*** Records shown ***
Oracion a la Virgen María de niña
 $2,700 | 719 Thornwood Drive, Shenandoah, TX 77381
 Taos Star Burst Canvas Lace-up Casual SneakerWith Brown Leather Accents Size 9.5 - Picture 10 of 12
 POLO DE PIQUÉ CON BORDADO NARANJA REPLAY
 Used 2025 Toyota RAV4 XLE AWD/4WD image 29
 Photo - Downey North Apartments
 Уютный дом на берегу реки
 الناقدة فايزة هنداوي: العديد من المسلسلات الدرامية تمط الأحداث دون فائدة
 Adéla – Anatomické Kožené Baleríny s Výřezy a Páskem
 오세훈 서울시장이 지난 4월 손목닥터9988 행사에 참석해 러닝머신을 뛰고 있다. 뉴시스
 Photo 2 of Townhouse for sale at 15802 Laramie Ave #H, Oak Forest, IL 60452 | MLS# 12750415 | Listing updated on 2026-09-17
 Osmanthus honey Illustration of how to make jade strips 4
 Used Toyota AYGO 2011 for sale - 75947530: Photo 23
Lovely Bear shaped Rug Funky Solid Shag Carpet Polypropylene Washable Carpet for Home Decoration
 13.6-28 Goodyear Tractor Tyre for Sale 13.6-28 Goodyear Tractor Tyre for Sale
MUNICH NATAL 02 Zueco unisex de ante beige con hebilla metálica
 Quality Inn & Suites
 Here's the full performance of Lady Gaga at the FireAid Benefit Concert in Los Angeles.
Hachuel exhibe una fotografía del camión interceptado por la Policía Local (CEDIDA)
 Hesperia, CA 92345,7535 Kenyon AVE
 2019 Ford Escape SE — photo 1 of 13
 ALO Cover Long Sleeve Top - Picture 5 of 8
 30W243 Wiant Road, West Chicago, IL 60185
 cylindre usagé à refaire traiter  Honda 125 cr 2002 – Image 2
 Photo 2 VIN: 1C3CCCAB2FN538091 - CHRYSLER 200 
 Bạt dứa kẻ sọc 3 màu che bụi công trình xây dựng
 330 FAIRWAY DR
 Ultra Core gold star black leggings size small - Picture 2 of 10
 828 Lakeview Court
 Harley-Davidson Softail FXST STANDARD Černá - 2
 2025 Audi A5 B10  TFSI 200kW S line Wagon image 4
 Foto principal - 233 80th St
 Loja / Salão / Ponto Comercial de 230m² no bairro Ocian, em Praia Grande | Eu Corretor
*** End of Records shown ***
- **Exercise instructions**
Check every line of the data, and copy the ones that contain "Toyota".

- **Solution for this problem**
 Used 2025 Toyota RAV4 XLE AWD/4WD image 29
 Used Toyota AYGO 2011 for sale - 75947530: Photo 23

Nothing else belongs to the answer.